Supported Implementation#
Our implementation aims to streamline the data collection, (offline) policy learning, and off-policy evaluation and selection (OPE/OPS) procedure. We rely on d3rlpy’s implementation of the learning algorithms and provide some useful tools to streamline the above offline RL procedure.
Synthetic Dataset Generation#
SyntheticDataset
is an easy-to-use data collection module, which is compatible with any OpenAI Gym and Gymnasium-like RL environment.
It takes an RL environment as input to instantiate the class.
# initialize the dataset class
from scope_rl.dataset import SyntheticDataset
dataset = SyntheticDataset(
env=env,
max_episode_steps=env.step_per_episode,
)
Then, it collects logged data by a behavior policy (i.e., data collection policy) as follows.

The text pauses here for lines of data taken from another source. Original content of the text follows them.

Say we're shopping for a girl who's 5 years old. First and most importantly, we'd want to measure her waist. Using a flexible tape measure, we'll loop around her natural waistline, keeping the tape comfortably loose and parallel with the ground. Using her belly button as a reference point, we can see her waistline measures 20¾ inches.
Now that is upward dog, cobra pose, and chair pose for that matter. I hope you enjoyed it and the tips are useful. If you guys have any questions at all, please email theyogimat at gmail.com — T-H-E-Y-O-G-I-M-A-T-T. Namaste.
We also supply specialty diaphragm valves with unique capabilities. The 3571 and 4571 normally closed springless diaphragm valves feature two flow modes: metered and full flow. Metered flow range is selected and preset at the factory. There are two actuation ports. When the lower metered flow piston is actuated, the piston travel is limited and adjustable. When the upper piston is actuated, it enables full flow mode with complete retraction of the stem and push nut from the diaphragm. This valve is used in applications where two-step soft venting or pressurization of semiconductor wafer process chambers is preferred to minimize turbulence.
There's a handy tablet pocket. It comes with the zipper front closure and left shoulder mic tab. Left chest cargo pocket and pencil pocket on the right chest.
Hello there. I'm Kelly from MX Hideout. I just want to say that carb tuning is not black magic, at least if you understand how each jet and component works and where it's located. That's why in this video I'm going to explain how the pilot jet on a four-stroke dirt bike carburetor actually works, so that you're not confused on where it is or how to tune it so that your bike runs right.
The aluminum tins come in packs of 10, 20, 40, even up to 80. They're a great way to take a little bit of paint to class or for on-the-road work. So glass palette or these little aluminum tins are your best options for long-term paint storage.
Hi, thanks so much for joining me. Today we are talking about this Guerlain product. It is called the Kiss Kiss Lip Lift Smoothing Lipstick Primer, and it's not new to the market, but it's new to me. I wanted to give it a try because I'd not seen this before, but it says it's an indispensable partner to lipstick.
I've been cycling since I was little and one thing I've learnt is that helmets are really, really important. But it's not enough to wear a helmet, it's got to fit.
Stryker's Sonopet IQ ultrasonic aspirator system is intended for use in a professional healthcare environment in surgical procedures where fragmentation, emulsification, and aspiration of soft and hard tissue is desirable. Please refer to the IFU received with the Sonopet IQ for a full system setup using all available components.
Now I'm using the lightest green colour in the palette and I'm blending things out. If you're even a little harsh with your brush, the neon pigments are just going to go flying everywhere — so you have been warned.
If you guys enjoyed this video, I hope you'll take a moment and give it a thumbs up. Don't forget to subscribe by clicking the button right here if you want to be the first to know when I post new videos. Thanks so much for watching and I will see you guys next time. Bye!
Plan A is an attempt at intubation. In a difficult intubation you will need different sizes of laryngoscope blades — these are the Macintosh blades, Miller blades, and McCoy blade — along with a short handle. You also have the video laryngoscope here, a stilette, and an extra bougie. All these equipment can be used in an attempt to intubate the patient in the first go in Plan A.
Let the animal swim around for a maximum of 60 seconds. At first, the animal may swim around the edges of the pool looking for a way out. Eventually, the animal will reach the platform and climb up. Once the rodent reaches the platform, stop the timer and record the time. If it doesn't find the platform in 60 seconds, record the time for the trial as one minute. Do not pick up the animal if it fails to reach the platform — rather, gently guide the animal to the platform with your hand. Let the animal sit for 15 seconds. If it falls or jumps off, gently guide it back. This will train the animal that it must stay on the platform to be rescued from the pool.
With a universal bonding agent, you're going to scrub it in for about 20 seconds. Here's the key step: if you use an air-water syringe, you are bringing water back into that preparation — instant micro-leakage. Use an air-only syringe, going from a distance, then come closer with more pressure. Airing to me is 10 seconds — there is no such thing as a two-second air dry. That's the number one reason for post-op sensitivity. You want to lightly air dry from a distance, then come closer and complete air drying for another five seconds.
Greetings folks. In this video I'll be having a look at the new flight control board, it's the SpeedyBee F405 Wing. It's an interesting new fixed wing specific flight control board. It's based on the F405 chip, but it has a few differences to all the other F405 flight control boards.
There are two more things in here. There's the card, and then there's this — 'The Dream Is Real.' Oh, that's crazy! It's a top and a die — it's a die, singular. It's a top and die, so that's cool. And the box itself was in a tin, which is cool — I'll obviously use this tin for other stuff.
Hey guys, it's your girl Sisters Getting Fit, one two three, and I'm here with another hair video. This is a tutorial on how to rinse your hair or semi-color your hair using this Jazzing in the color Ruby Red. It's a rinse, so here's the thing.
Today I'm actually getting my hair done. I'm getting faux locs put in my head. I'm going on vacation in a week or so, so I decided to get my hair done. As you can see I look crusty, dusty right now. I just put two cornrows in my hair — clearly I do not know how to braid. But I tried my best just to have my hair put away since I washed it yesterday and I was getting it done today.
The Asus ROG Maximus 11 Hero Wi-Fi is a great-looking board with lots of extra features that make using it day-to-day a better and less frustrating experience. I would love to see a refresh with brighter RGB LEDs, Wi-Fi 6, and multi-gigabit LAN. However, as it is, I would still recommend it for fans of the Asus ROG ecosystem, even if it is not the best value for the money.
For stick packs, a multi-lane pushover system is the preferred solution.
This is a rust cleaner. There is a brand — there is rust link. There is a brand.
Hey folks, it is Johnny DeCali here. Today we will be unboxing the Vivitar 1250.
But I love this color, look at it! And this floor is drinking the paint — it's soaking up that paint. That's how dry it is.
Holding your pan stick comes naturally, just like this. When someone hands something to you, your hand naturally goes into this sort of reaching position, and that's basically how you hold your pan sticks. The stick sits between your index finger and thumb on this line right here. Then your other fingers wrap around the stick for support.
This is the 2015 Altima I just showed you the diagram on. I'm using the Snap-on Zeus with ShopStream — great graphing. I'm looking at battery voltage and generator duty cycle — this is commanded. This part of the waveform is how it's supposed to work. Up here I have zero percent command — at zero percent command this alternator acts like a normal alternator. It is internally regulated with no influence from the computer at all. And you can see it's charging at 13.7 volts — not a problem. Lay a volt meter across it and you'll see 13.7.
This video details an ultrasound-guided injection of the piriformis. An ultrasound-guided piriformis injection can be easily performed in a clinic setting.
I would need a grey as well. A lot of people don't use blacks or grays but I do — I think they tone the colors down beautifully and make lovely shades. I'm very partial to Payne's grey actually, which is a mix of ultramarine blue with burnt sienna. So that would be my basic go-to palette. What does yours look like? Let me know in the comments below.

# collect logged data by a behavior policy
logged_dataset = dataset.obtain_episodes(
behavior_policies=behavior_policy, # BaseHead
n_trajectories=10000,
random_state=random_state,
)
Tip
How to obtain a behavior policy?
Our SyntheticDataset
class accepts an instance of BaseHead
as a behavior policy.
A policy head converts a d3rlpy’s deterministic behavior policy to either a deterministic or stochastic policy with functions to calculate propensity scores (i.e., action choice probabilities).
For example, EpsilonGreedyHead
converts a discrete-action policy to an epsilon-greedy policy as follows.
from scope_rl.policy import EpsilonGreedyHead
behavior_policy = EpsilonGreedyHead(
base_policy, # QLearningAlgoBase of d3rlpy
n_actions=env.action_space.n,
epsilon=0.3,
name="eps_03",
random_state=random_state,
)
GaussianHead
converts a continuous-action policy to a stochastic policy as follows.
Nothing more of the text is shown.